Excerpted data below:

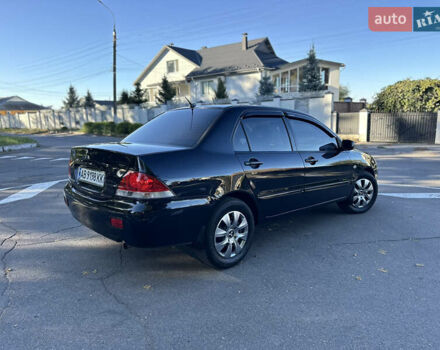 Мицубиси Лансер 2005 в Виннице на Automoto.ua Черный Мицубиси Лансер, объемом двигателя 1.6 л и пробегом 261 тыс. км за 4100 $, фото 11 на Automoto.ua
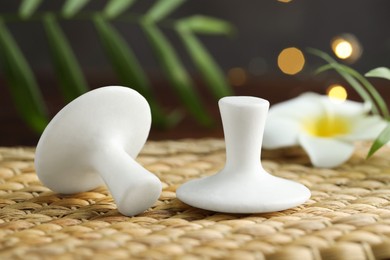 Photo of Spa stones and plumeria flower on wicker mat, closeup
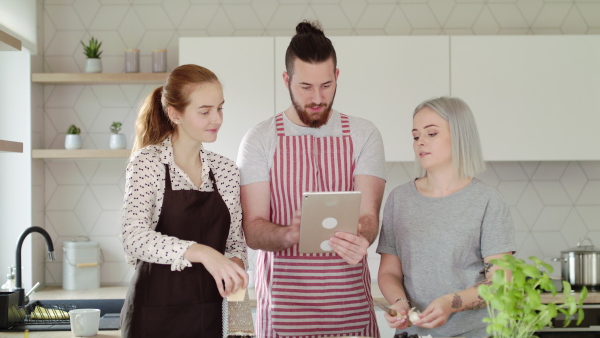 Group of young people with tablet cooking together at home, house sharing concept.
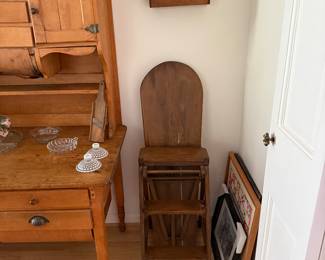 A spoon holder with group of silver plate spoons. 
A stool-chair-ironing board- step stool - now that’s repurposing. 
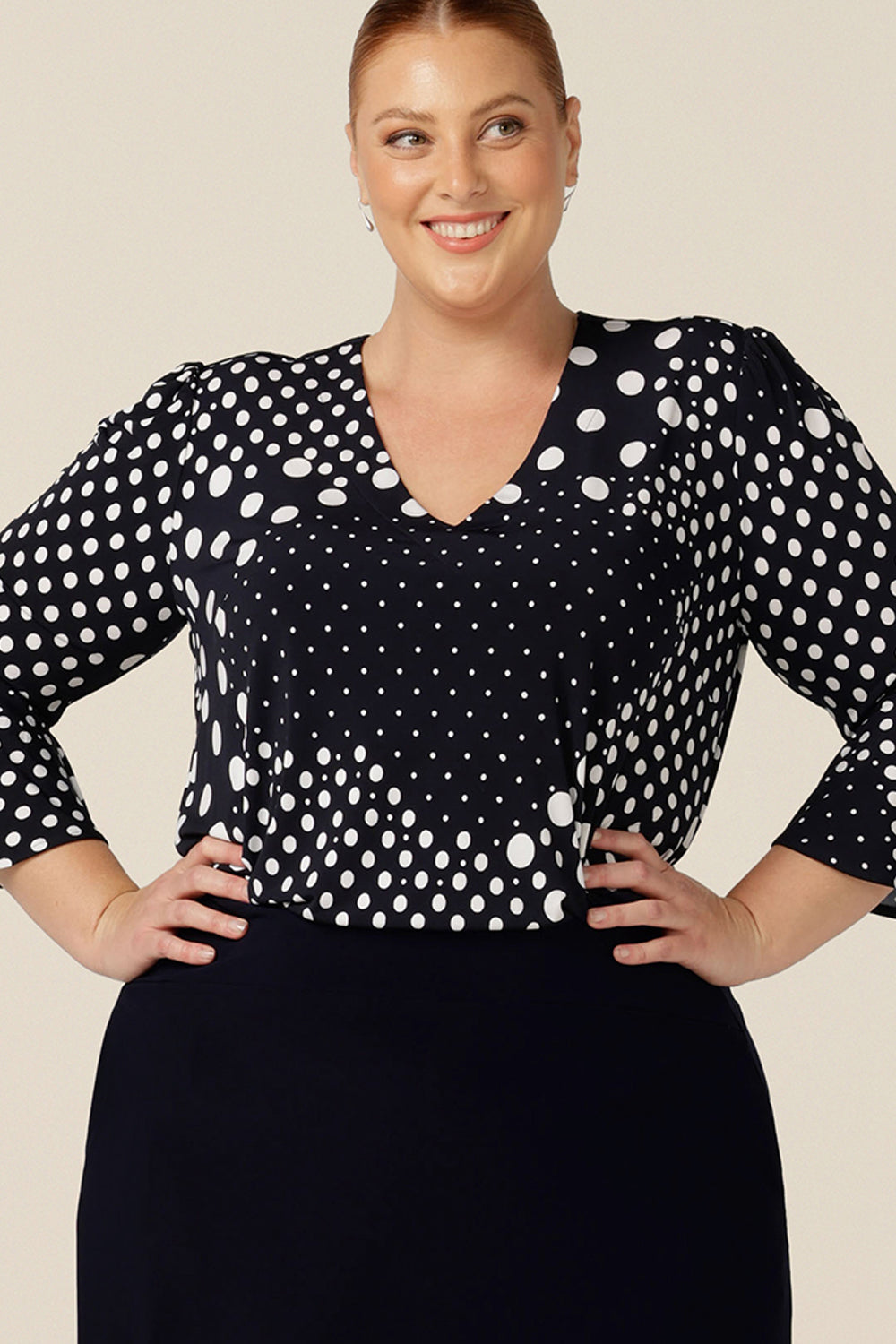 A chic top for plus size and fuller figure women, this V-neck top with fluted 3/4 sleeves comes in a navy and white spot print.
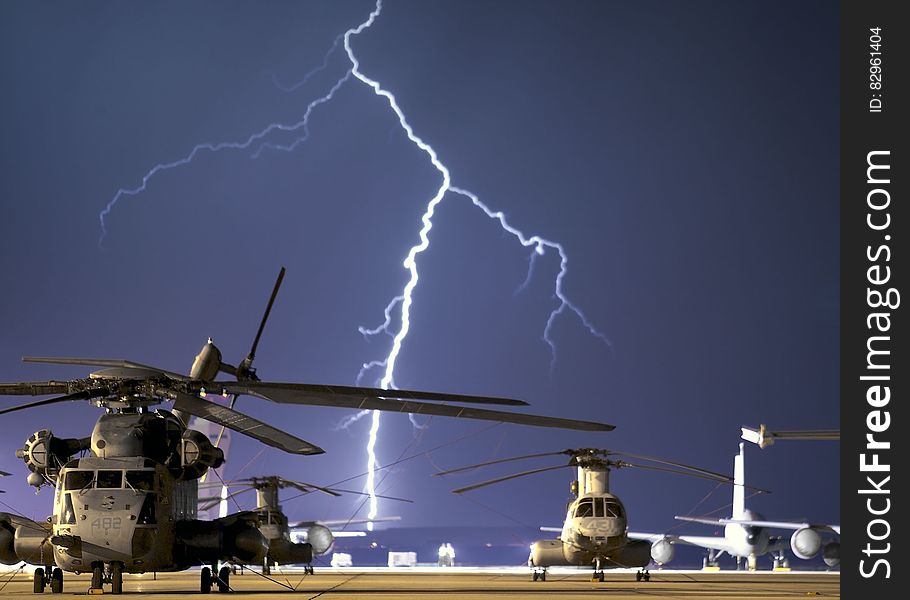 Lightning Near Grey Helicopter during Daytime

End of Excerpted data.
Excerpted data below:

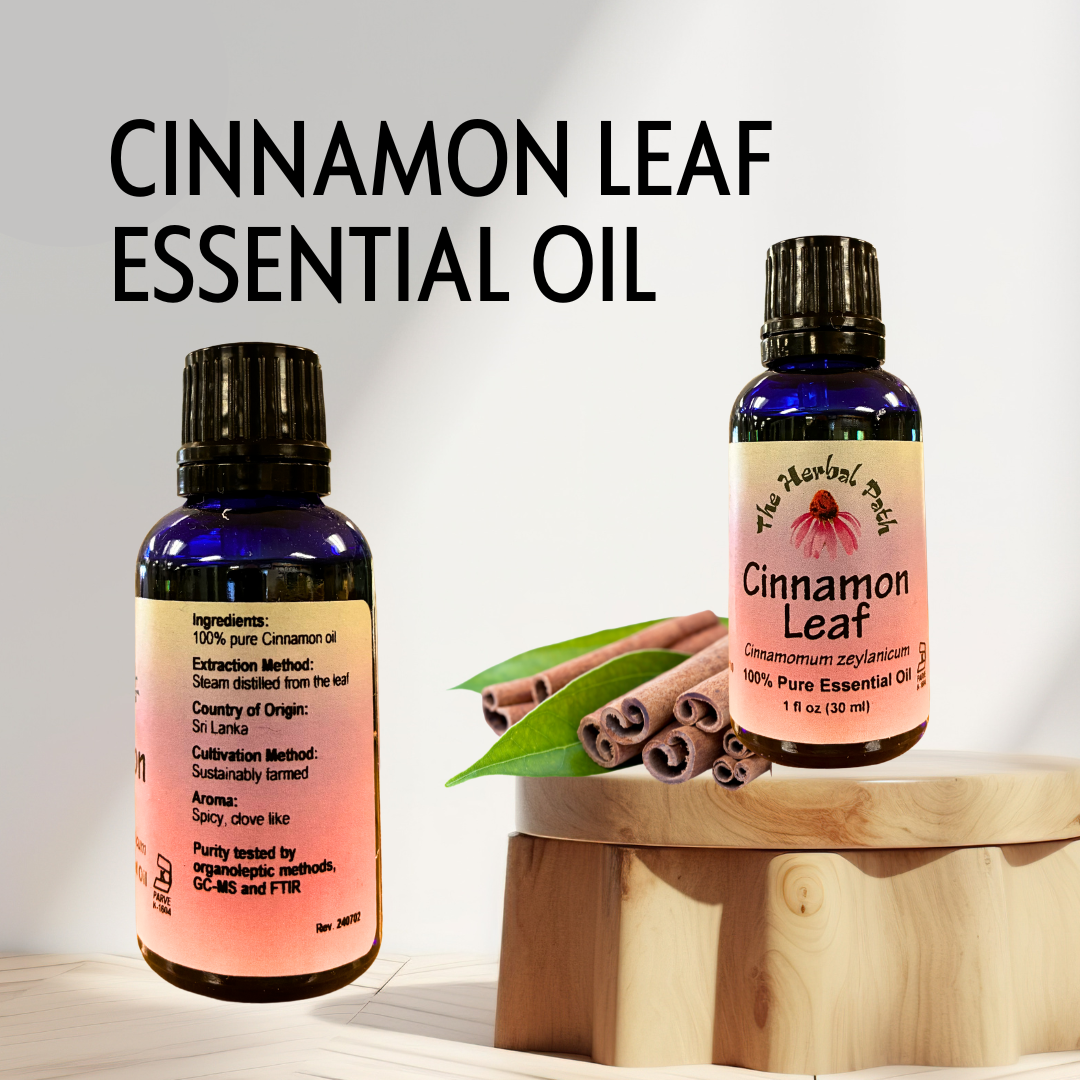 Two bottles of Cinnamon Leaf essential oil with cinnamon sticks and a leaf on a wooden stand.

End of Excerpted data.

▶ Task item: In the entries above, find the line containing "Мицубиси Лансер 2005" and the line containing "Lightning Near Grey", then copy both and every line between them exactly, without any picture.

▶ The answer:
 Мицубиси Лансер 2005 в Виннице на Automoto.ua Черный Мицубиси Лансер, объемом двигателя 1.6 л и пробегом 261 тыс. км за 4100 $, фото 11 на Automoto.ua
 Photo of Spa stones and plumeria flower on wicker mat, closeup
 Group of young people with tablet cooking together at home, house sharing concept.
 A spoon holder with group of silver plate spoons. 
A stool-chair-ironing board- step stool - now that’s repurposing. 
 A chic top for plus size and fuller figure women, this V-neck top with fluted 3/4 sleeves comes in a navy and white spot print.
 Lightning Near Grey Helicopter during Daytime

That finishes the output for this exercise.